Mayo break Galway jinx as they prepare to visit Kingdom
Mayo 2-13 Galway 1-13
Mayo rediscovered their mojo on Saturday night to end a three-season, seven-match losing run against Galway. It was the first time they had knocked the Tribesmen out the champion since 1999.
Being Mayo, the win wasn't without a touch of drama. Despite leading on two occasions by eight points, James Horan's side still contrived to give their thousands of fans a collective fright at the death when they conceded a goal direct from Shane Walsh close-in free.
In the three successive Connacht championship ties Mayo lost to Galway since 2016 they only managed to score one goal. But by the ninth minute James Carr - who had made an impressive senior debut in the league final - had hit two, his second a contender for 'Goal of the Season.'
Apart from a 16-minute spell in the second half when they held Mayo scoreless and kicked 0-5 Galway were second best. And they didn't make the most of this period of dominance as Liam Silke's weakly struck penalty was saved at the expense of a converted '45 by Mayo keeper David Clarke in the 55th minute.
"Our aim was to win the game and get into the Super 8s. We're really happy with the start and the energy we showed throughout the whole game.
"Overall the work-rate and effort was very good and obviously we're happy to be heading down to Kerry next weekend," said Mayo boss James Horan, who maintained his proud record of having never managed a losing Mayo side against Galway in championship football.
Mayo now face Kerry (away) Meath/Clare (Croke Park) and Donegal (Castlebar) over the next four weeks in their first appearance in the Super 8s.
The future of Galway boss Kevin Walsh, who has been five seasons at the helm, is now in doubt. But Damien Comer, who was introduced at half time for his first appearance since last year's All-Ireland semi-final, launched a spirited defence of his manager.
"Kevin has given us great benefits throughout his tenure. I think it's actually pretty embarrassing the press he has got over the last few years and the criticism he has come under.
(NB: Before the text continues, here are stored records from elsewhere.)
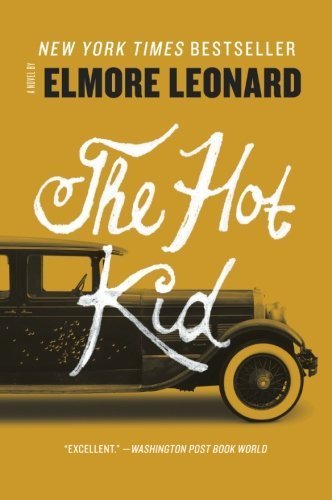 The Hot Kid by Elmore Leonard (2013) - Crime Fiction Novel, Western Thriller Book - Perfect for Mystery Lovers & Book Club Discussions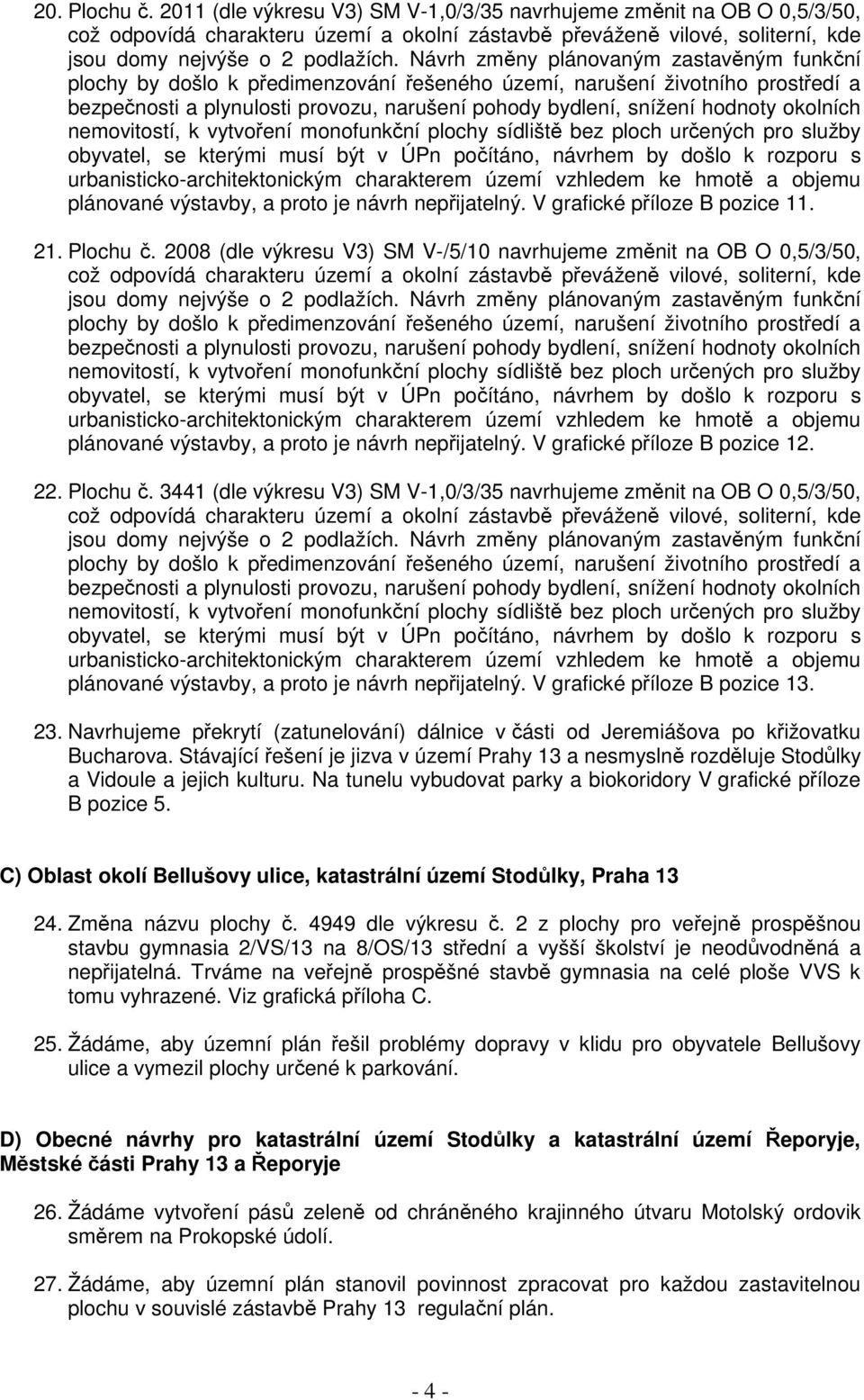 23. Navrhujeme překrytí (zatunelování) dálnice v části od Jeremiášova po křižovatku Bucharova. Stávající řešení je jizva v území Prahy 13 a nesmyslně rozděluje Stodůlky a Vidoule a jejich kulturu.
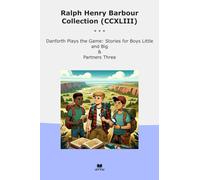 Ralph Henry Barbour Collection (CCXLIII): Danforth Plays Game Boys Little Partners Three (Top Classics)
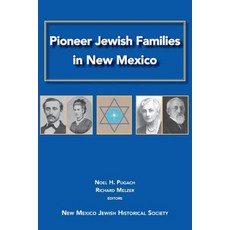 (英文圖書) Pioneer Jewish Families in New Mexico 平裝版, Gaon Web, 英文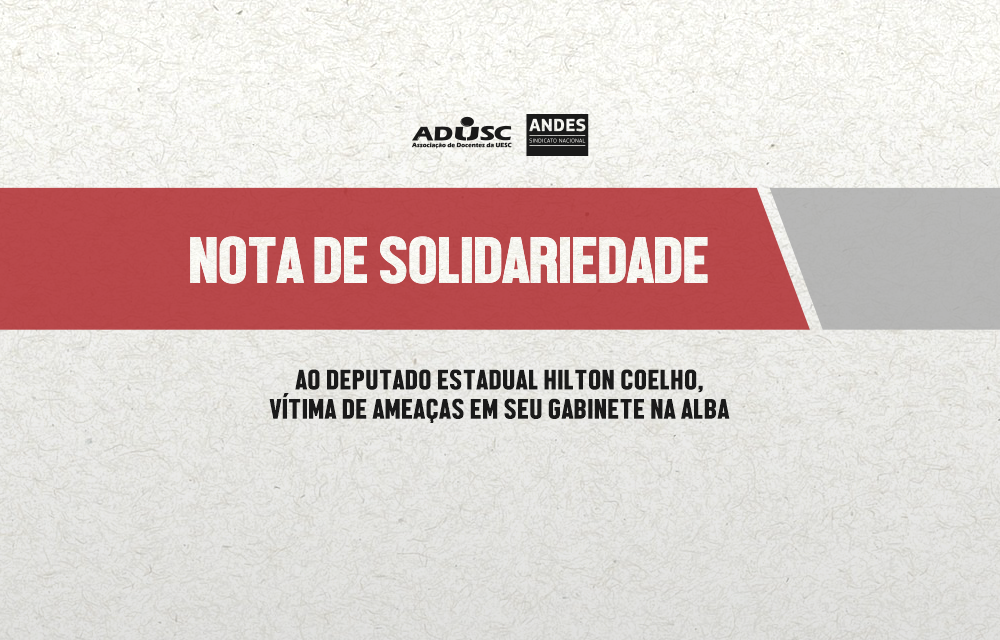 Nota de Solidariedade ao Deputado Estadual Hilton Coelho, vítima de ameaças em seu gabinete na ALBA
"If you seen the way Galway football was when he came and see where it is now it is great credit to the man. I don't think he is any way deserving of the harsh criticism that he has come under and it's probably lazy journalism in some ways .
"But it's very disrespect to a man who had done so much for Galway football in the past and who still continues to do so much for Galway football from the sidelines and that has gone unnoticed in the wider media and in the general public," said Comer, whose only consolation was that 'we died with our boots on.'
Walsh suggested that the game was there for winning. "You look at missing a penalty, conceding a poor goal, hitting the post and missing one or two frees and a few awful decisions which put us on the back foot as well. I know referees are under serious pressure but there is agendas probably being driven by the top, it probably puts pressure on them to make all the silly decisions," he claimed.
The Mayo improvement was particularly evident in their full-back line and in the performance of sweeper Colm Boyle. "He showed immense leadership," suggested Horan. Up front Darren Coen is becoming more influential and his 62nd minute point was arguably the key score of the second half as it halted the Galway revival.
scorers - Mayo: J Carr 2-0, C O'Connor 0-6 (5f), D Coen 0-3, K McLoughlin, S Coen, D Vaughan, J Doherty 0-1 each.
Galway: S Walsh 1-3 (1f -2f, 1 45) P Cooke 0-4, E Brannigan 0-2, C McDaid, G O'Donnell, M Daly, K Molloy 0-1 each.